The 3D compressible and incompressible Euler equations with a physical vacuum
free boundary condition and affine initial conditions reduce to a globally
solvable Hamiltonian system of ordinary differential equations for the
deformation gradient in $\rm{GL}^+(3,\mathbb R)$. The evolution of the fluid
domain is described by a family ellipsoids whose diameter grows at a rate
proportional to time. Upon rescaling to a fixed diameter, the asymptotic limit
of the fluid ellipsoid is determined by a positive semi-definite quadratic form
of rank $r=1$, 2, or 3, corresponding to the asymptotic degeneration of the
ellipsoid along $3-r$ of its principal axes. In the compressible case, the
asymptotic limit has rank $r=3$, and asymptotic completeness holds, when the
adiabatic index $\gamma$ satisfies $4/3<\gamma<2$. The number of possible
degeneracies, $3-r$, increases with the value of the adiabatic index $\gamma$.
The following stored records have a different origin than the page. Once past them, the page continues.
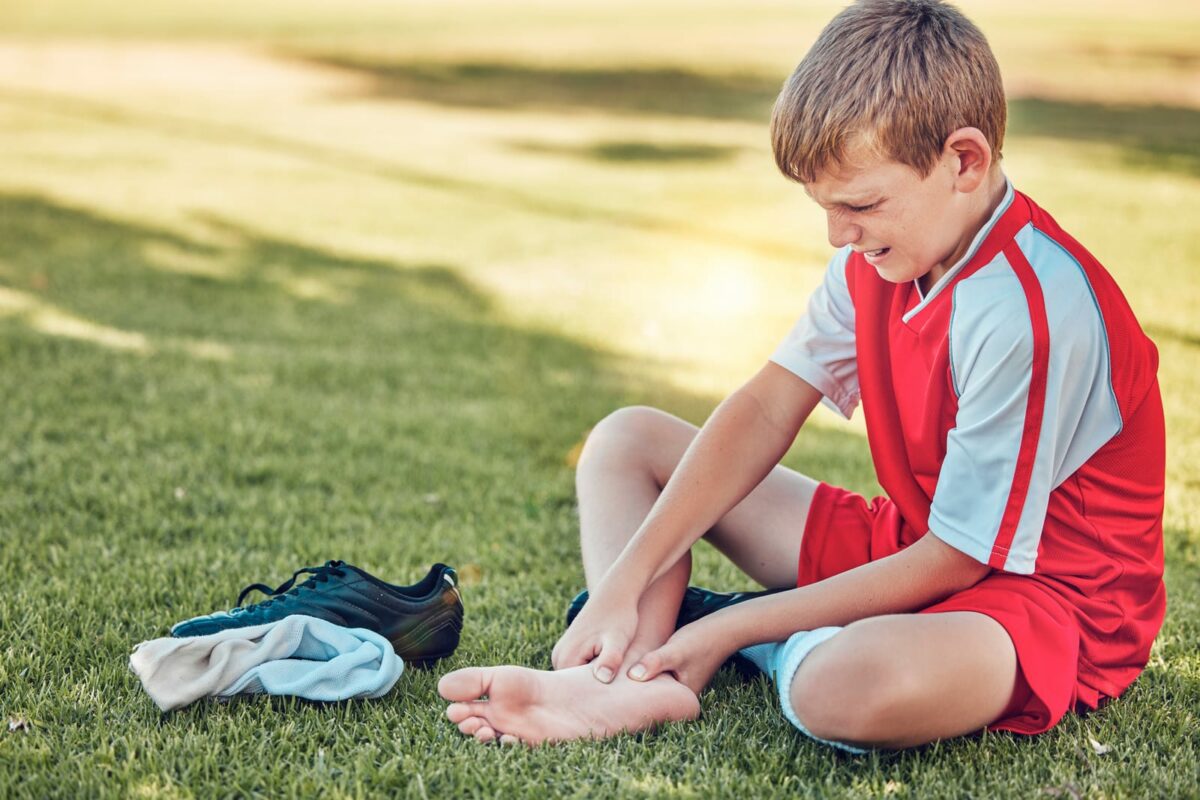 Soccer injury and pain of child foot on field ○ Soccer Blade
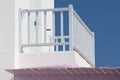 White balcony railing against a blue sky background. Royalty Free Stock Photo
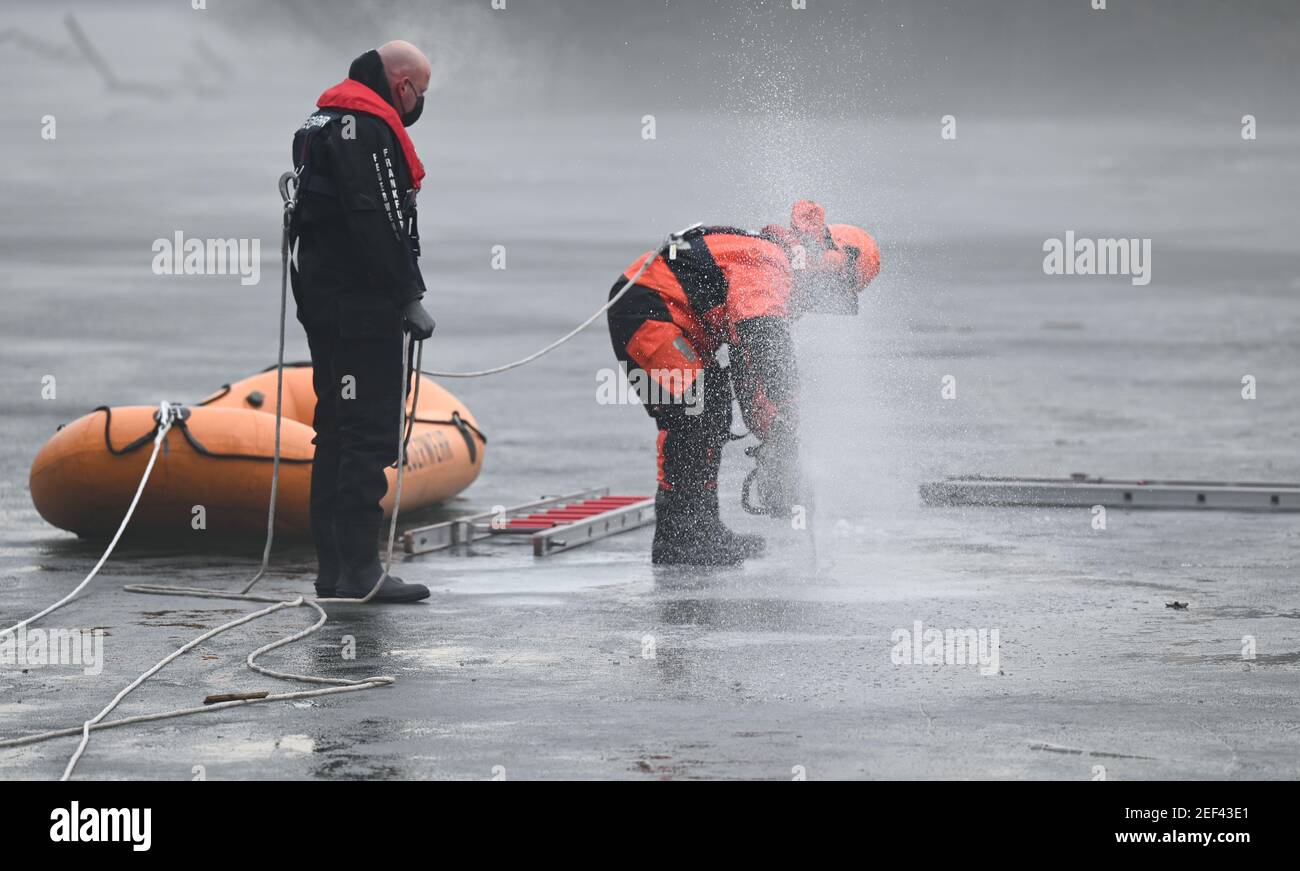 16. Februar 2021, Hessen, Frankfurt/Main: Ein Feuerwehrmann des Wasserrettungsteams der Feuerwehr Frankfurt am Main schneidet zu Beginn einer Tauchübung mit einer Kettensäge ein Loch in den gefrorenen Ostpark-Teich. Das Eis auf gefrorenen Seen und Teichen ist verlockend - aber trotz seiner scheinbaren Stabilität kann es lebensbedrohlich sein. Um in solchen Fällen helfen zu können, müssen die Taucher der Feuerwehr auch in Rettungseinsätzen trainieren. In diesem Winter sind die Bedingungen dafür richtig. (To dpa 'Eisrettung als Trainingsfall - eine Premiere für junge Feuerwehrleute') Foto: Arne Dedert/dpa Stockfoto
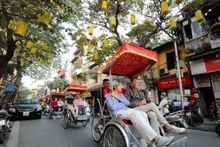 Les touristes étrangers visitent les rues en cyclo-pousse, admirant la beauté antique d'Hanoï. Photo : VNA.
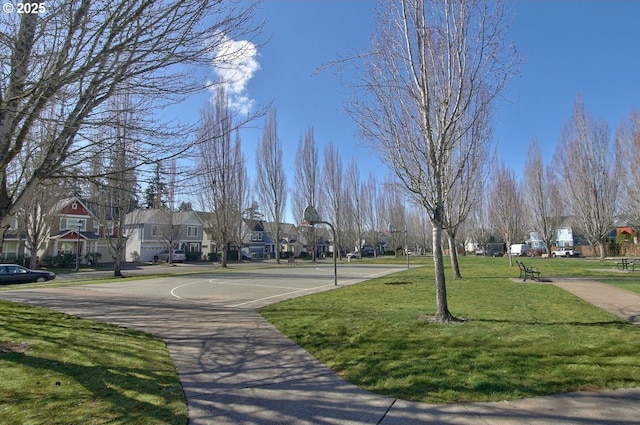 view of community featuring a residential view, a lawn, and community basketball court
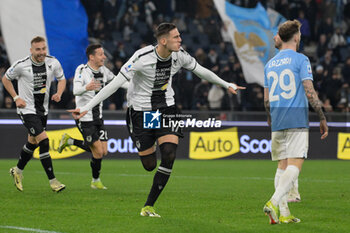 2024-03-11 - Lorenzo Lucca (Udinese Calcio); celebrates after scoring the goal 0-1 during the Italian Football Championship League A 2023/2024 match between SS Lazio vs Udinese Calcio  at the Olimpic Stadium in Rome on 11 March 2024. - SS LAZIO VS UDINESE CALCIO - ITALIAN SERIE A - SOCCER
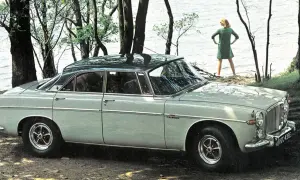 En ljusgrå Rover P5 står parkerad vid en sjö. En kvinna i grön klänning står vid vattenbrynet.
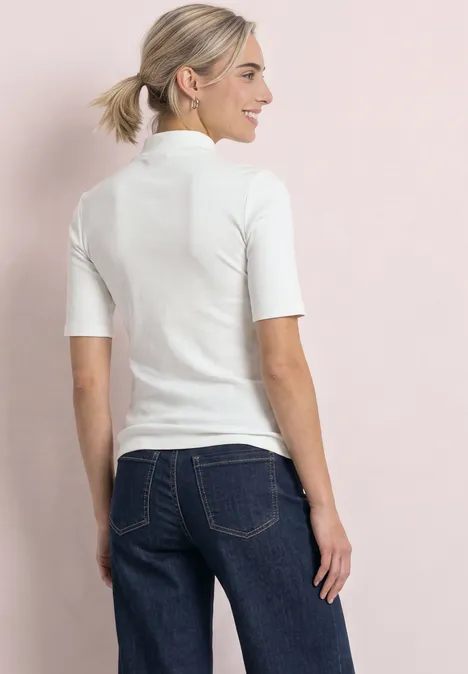 Shirt met col in ribbelpatroon off white Vrouw van achteren met wit shirt met korte mouwen en blauwe spijkerbroek voor een roze achtergrond.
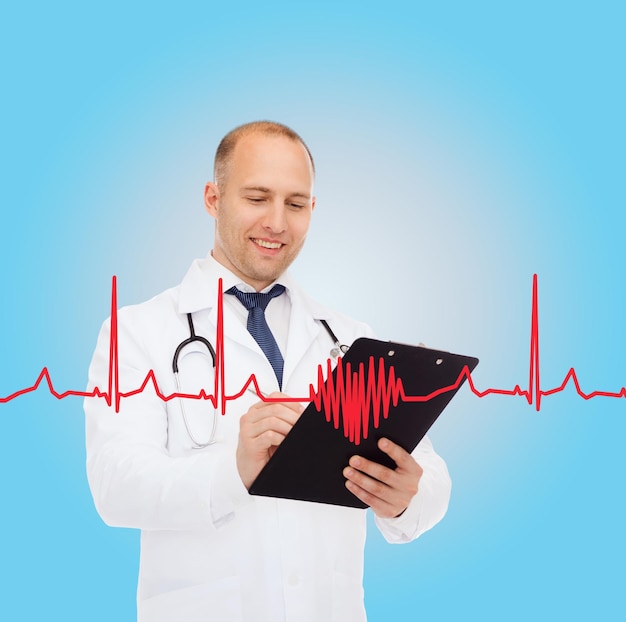 concetto di medicina, professione, cardiologia e assistenza sanitaria - medico maschio sorridente con appunti e stetoscopio che scrive prescrizione su sfondo cardiogramma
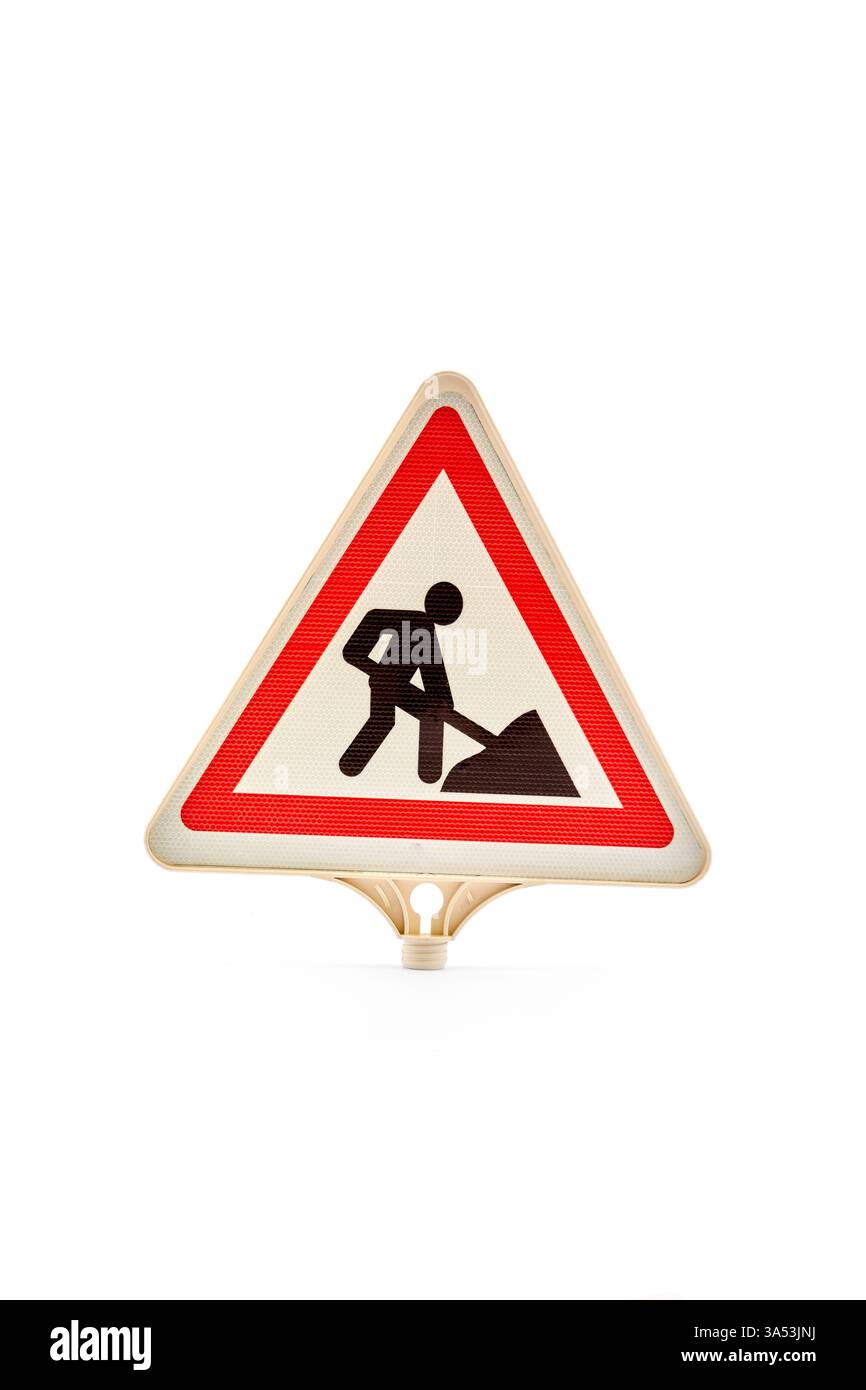 Avertissement panneau de construction de forme triangulaire avec bordure rouge et icône noire d'un travailleur avec une pelle représentant les travaux routiers à venir, essentiels pour Banque D'Images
In the incompressible case, affine motion reduces to geodesic flow in
$\rm{SL}(3,\mathbb R)$ with the Euclidean metric. For incompressible affine
swirling flow, there is a structural instability. Generically, when the
vorticity is nonzero, the domains degenerate along only one axis, but the
physical vacuum boundary condition fails over a finite time interval. The
rescaled fluid domains of irrotational motion can collapse along two axes.